Changes in flux values and metabolite concentrations. Red fluxes/metabolite pools indicate a more than 150% increase in the mutant mucA- ΔalgC strain compared to the wild type. Blue fluxes edges/metabolite pools indicate a decrease to less than 50% in the mutant mucA- ΔalgC strain compared to the wild type.

Conclusion

In this work, a mucA- ΔalgC double-knockout P. fluorescens mutant was compared to the wild-type strain at the metabolic flux level to illuminate the global metabolic response to MucA inactivation on central carbon metabolism without a biasing carbon re-routing by alginate production. Corroborating transcriptome and metabolome results from former studies, a strong influence of the mucA- ΔalgC double-knockout mutant was shown, involving fine-tuned and significant reorganisation of carbon utilisation. Salient alterations lead to a decrease of the overall fructose uptake and an activation of the PPP and the GLX shunt that is accompanied by a deactivation of the EDP. Although both strains produce a similar amount of energy (NADH and ATP) per mole of substrate, the mutant seems to exhibit more energy-efficient behaviour than the wildtype.
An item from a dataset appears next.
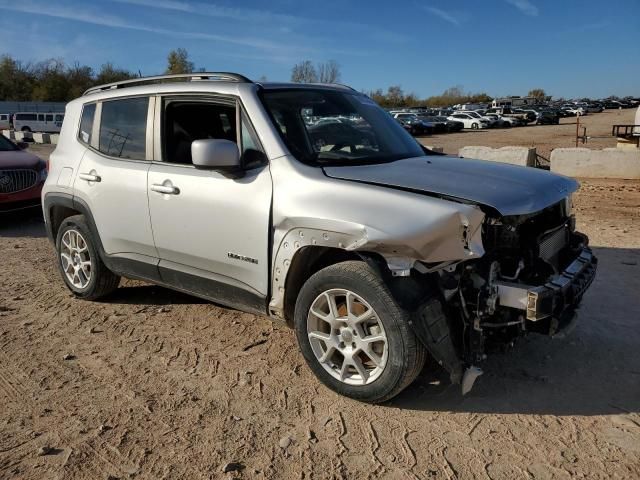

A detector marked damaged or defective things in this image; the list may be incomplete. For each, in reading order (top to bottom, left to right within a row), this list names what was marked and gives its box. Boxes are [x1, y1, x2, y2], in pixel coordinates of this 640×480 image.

crumpled hood [0, 152, 43, 172]
crumpled hood [322, 156, 576, 216]
damaged front end [408, 199, 596, 394]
Clearly, to mechanistically elucidate the metabolic control mechanisms of alginate production on fluxes, mucA- mutants need to be further investigated. These experiments bear the potential to elucidate the complex control mechanisms of MucA on alginate production and central carbon metabolism. These control points may become important targets for drug development to prevent the formation of the mucoid phenotype, which leads to pulmonary infection in cystic fibrosis patients, or to increase industrial alginate production. This requires extending the multi-omics characterisation to further mutants, including catabolite repressor/activator cra mutants, and experimental conditions, i.e., growth rates and carbon sources, that are clinically and industrially relevant. From the modelling point of view, the application of non-stationary 13C-MFA in combination with advanced experimental design strategies would be advantageous to advance the integrative analysis of metabolite levels and fluxes and increase the statistical significance of the results, particularly with regard to anaplerosis.

Methods

Strains

The strains used in this study were P. fluorescens SBW25 and P. fluorescens SBW25 mucA-ΔalgC. Construction of the mutant strain was previously presented in detail [5]. Flux distribution results for these strains can be compared to metabolome results [9] for the same strains grown under identical conditions. A confounding factor when using the mucA-ΔalgC strain to look for effects of MucA inactivation other than alginate production is that it produces all biosynthetic enzymes required for alginate production other than AlgC.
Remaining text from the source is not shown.